The London stock market has been soaring. Another sign that the recession is over, business is thriving, and investors are piling back in? Or evidence of a bubble?
The Bank of England has pumped £175 billion of new cash into the UK economy through 'quantitative easing'. Basically, it's been buying government securities hand over fist. So government IOUs look a lot healthier than they should be – given the profligacy of the public finances. Investors have had to look for other assets – like shares.

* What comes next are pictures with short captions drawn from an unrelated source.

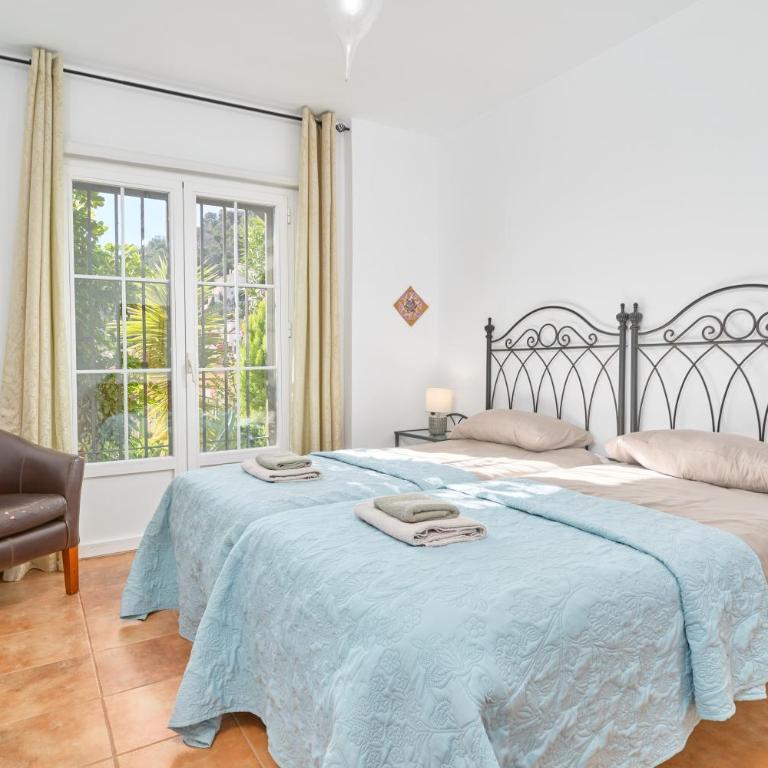 Beautiful House With Splendid Sea - Two-Bedroom House - 9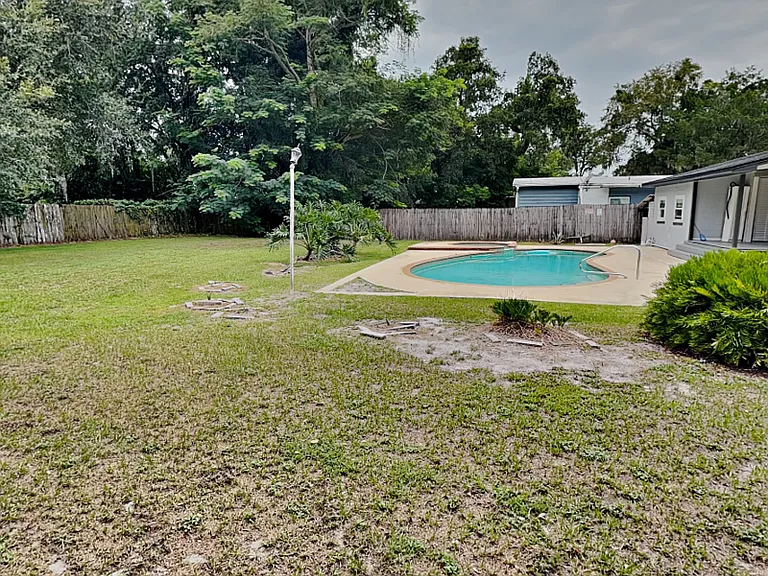 270 W Pineloch Ave #A — Photo 19
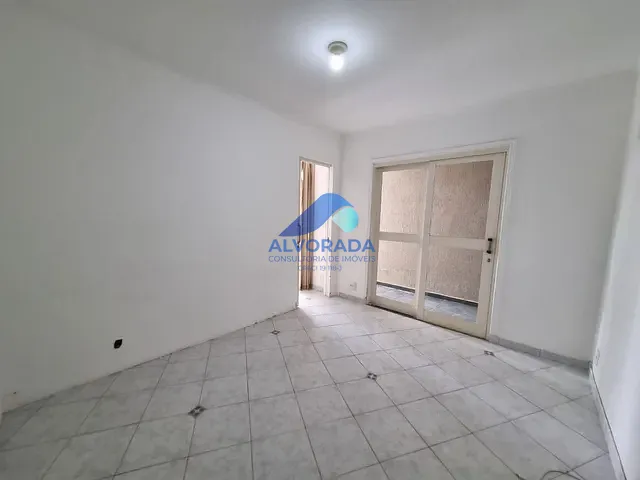 Sobrado com 252m² 3 quartos e 2 banheiros, à venda, no bairro Urbanova em São José dos Campos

Go back to your Milton Friedman and you'll understand that the world is full of different sorts of 'assets', from government stock to shares, to houses, to machinery, to bank accounts, to cash. A monetary expansion, he thought, does not occur all at once all over the economy, but spreads from one lot to another. That is exactly what is happening here. New money is being pumped in to the financial markets, so financial asset prices are rising. House prices are also starting to rise, as investors seek something better than a bank account paying less than 1%. And the money will have to spread down through other assets too before it has much of an impact on the real economy. So the stockmarket is booming, while shops and factories are still closing down and laying off workers.
All this new cash must, of course, eventually have a reviving effect on the real economy. But now put your Friedman aside and read F A Hayek. The problem with new cash rippling through an economy is that price rises ripple through too. Prices rise, then fall, in one sector after another. So people invest, first here, then there, on the prospect of high returns, only for their hopes to be shattered by the ensuing fall. So real resources are wasted on investments that don't ultimately work. That is the real human cost of inept, boom and bust monetary policies. Policies of the sort that Gordon Brown told us he'd saved us from.